I fondly remember always having a butter cookie tin (which my mom reused for years) full of these around at all times. These and koulourakia (another Greek biscuit) were staples in the house. They keep well and are great to have when you have unexpected guests over for coffee as Greeks always do and plus my mom was for the most part and is a housewife so coffee break with aunts and friends that would pop over in the day were made perfect with the addition of these cookies. That’s totally my mom’s thing. She always has something homemade to offer anyone at anytime. Don’t you just dream of being a stay at home Mom/wife?!? I do!! #goals. I would never run out of things to do!! Anyways back to reality!!
Now when I crave them I can’t just get my fix when I go to my mom’s house.

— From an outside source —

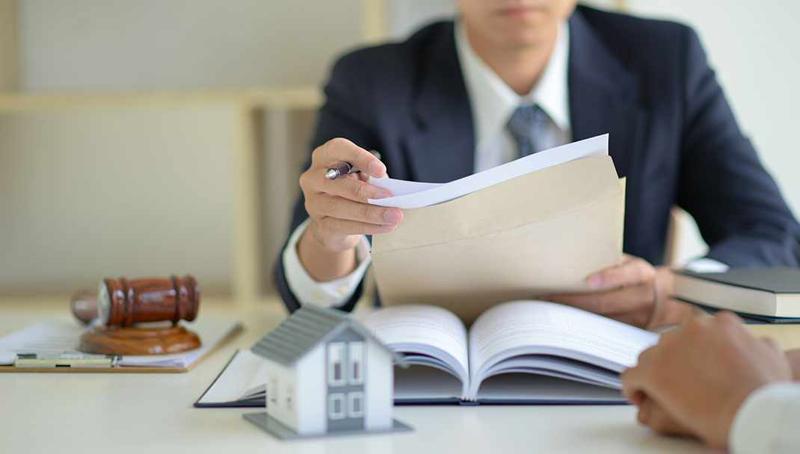 Top Reasons Why You Need a Real Estate Lawyer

I have to make them myself! This is my go to recipe for them that my mom gave me. It’s pretty basic and you have a little flexibility for adding more sugar or using less or more flour. A simple sweet and delectable treat that you need to make. Then sit back and enjoy them with a nice strong cup of coffee or tea!!
Full recipe makes a couple trays of cookies — I usually half the recipe for a small batch
- 1 lb. unsalted butter at room temperature
- 1 1⁄4 cup powdered sugar
- 2 egg yolks
- 3⁄4 cup olive oil
- 2 cups of roasted almonds,chopped
- 1 shot of cognac
- 2 tsp. vanilla extract
- 1 tbsp. of baking powder
- 5-6 cups of of all purpose flour, sifted
For the topping:
- 1⁄2 cup Rosewater (optional)
- Extra icing sugar for powdering (about 2 cups)
- Preheat oven at 350 degrees
- Roast the almonds on a baking sheet in the oven or on the stove top in a pan until lightly browned and toasted.
- In a large mixing bowl, beat together the butter and sugar. Then add the oil and add the egg yolks and beat for 10-15 minutes longer. (Yes you read it right, make sure to follow this step its critical to mix for that long to get the right texture)
- Add 1-2 cups of flour and beat on low
- Put the cognac in a small bowl and then add your baking powder and stir it until dissolved. Add this mixture, along with the vanilla extract and the nuts into the dough and continue beating until blended and the dough starts to come together
- knead gently with your hands and continue adding the flour to the mixture a couple tbsps at a time until all the flour has been incorporated (you want the dough to retain moisture but not to be sticky or stick to your hands — add more or less flour accordingly)
- Let the dough rest for up to a 1/2hour
- Use a spoon or cookie scoop to spoon out some of the dough and form into a small patty or into a moon shape(feel free to use a cookie cutter). Place the cookies on a baking tray lined with parchment paper and bake for 25 minutes or until lightly golden
- Remove from oven and sprinkle with rosewater, if using, while the cookies are hot, then gently roll into the powdered sugar place on cooling rack until completely cool
- Once cool place some more icing sugar in a sifter and dust them with more icing sugar until well-coated.